━━━━━ SUPPLIED DATA ━━━━━

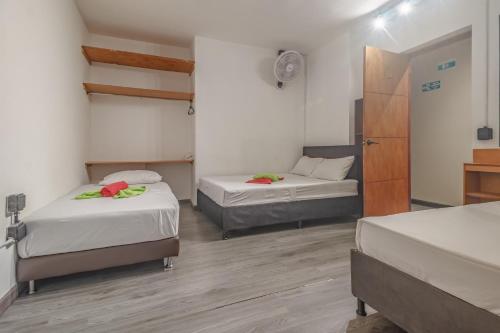 a room with two beds and a door to a bedroom at Hostal Machu Picchu Medellín in Estación El Salto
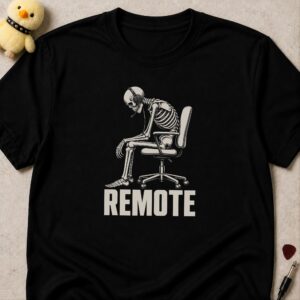 Black t-shirt printed REMOTE below a skeleton slumped in an office chair wearing headphones
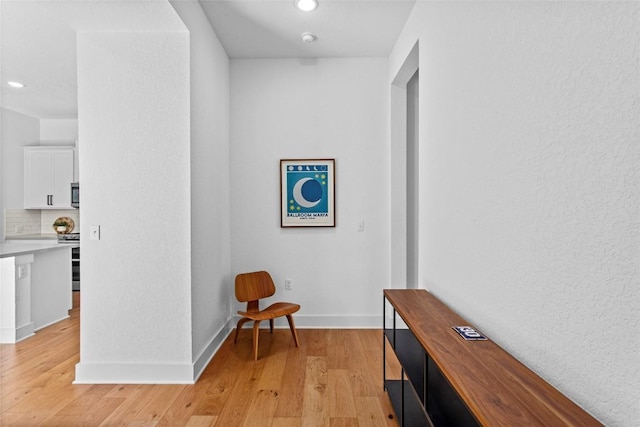 130 Volterra Ln, Dripping Springs, TX 78620 - hallway featuring recessed lighting, light wood-type flooring, and baseboards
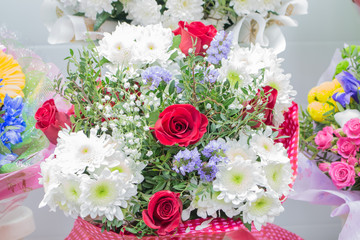 Bunch of large white chrysanthemums and red roses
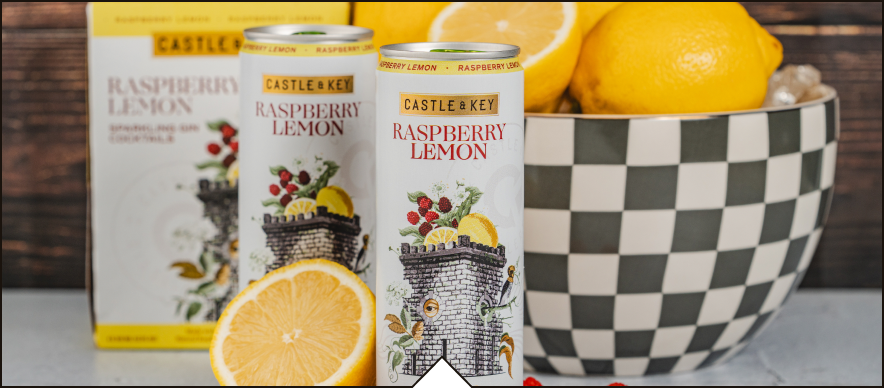 Raspberry Lemon Sparkling Gin Cocktail cans with lemons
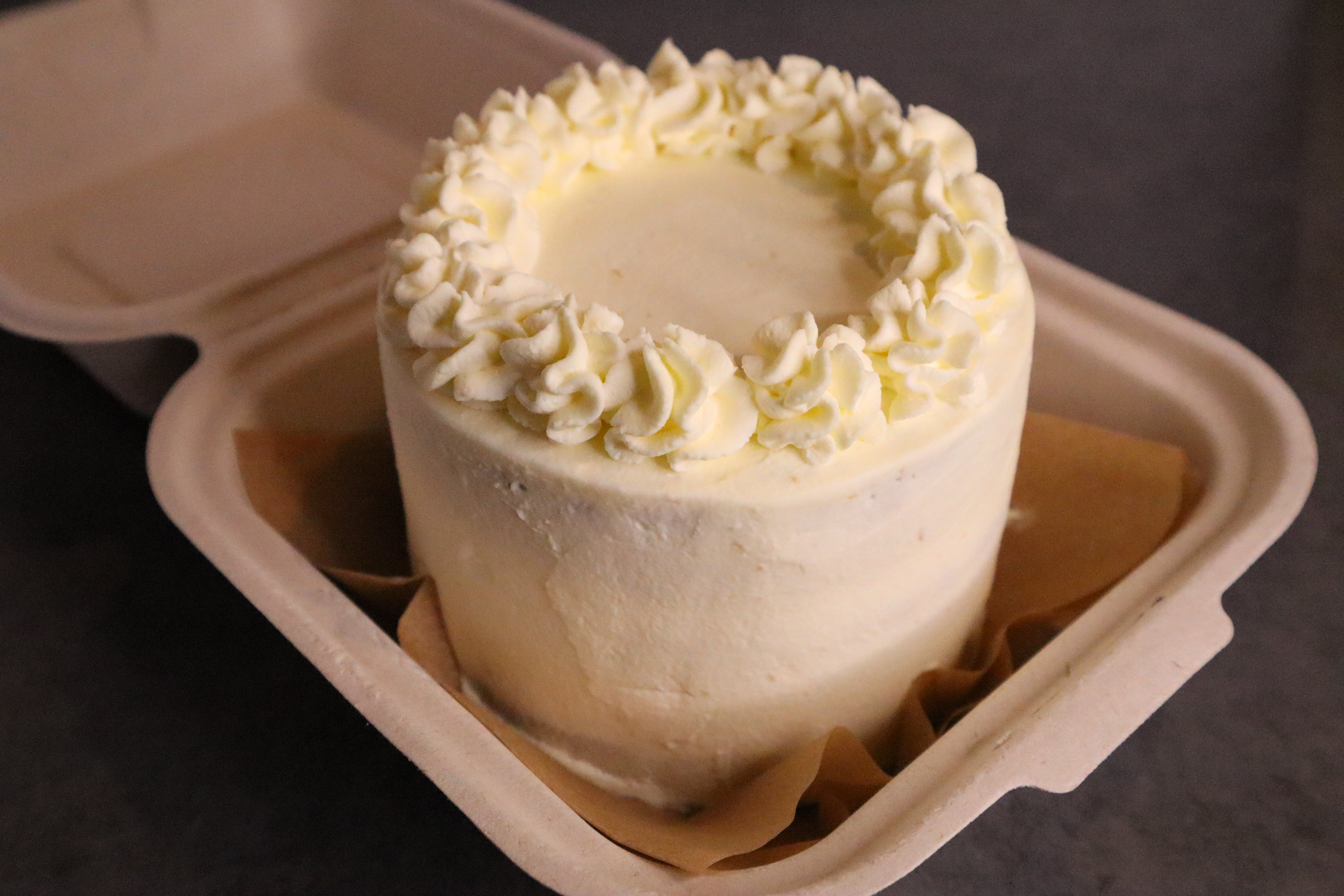 Simple white minimalist cake with a ring of white frosting on top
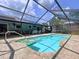 Beautiful in-ground pool in a screened enclosure, perfect for relaxation and outdoor fun at 3705 Pine Cir, Lake Wales, FL 33898
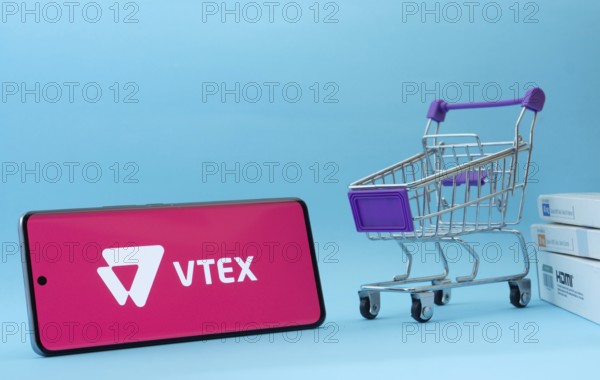Dhaka, Bangladesh- 03 July 2025: Smartphone with VTEX logo next to a small shopping cart and boxes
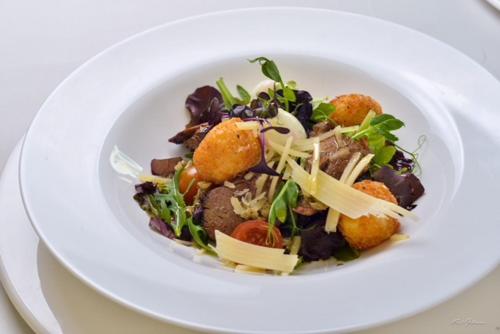 a white plate with a salad on a table at ibis Styles Pitesti Arges in Piteşti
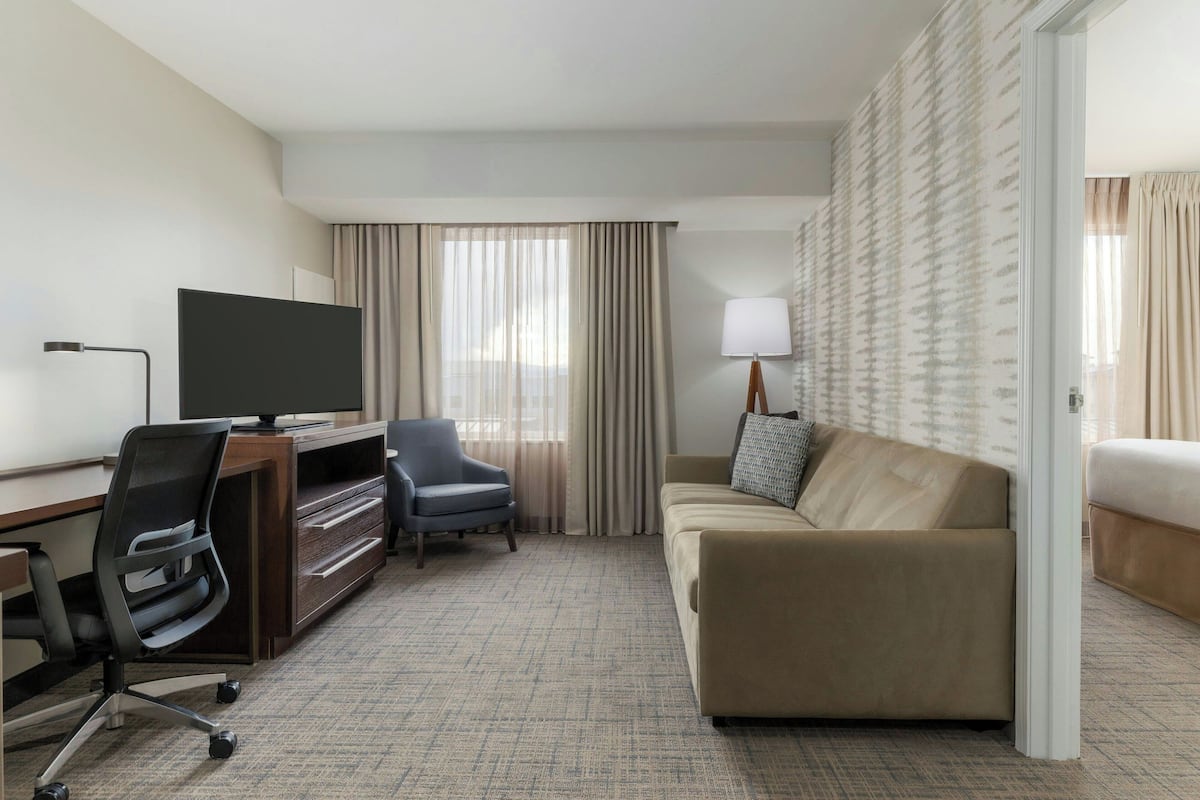 A hotel room with a desk, chair, television, sofa, and curtains.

━━━━━

▸ DIRECTIONS FOR THIS TASK:
Repeat word for word the lines starting at the one with "Raspberry Lemon Sparkling" and ending at the final line of the records above, both included; no pictures.

▸ RESPONSE TO THIS TASK:
 Raspberry Lemon Sparkling Gin Cocktail cans with lemons
 Simple white minimalist cake with a ring of white frosting on top
 Beautiful in-ground pool in a screened enclosure, perfect for relaxation and outdoor fun at 3705 Pine Cir, Lake Wales, FL 33898
Dhaka, Bangladesh- 03 July 2025: Smartphone with VTEX logo next to a small shopping cart and boxes
 a white plate with a salad on a table at ibis Styles Pitesti Arges in Piteşti
 A hotel room with a desk, chair, television, sofa, and curtains.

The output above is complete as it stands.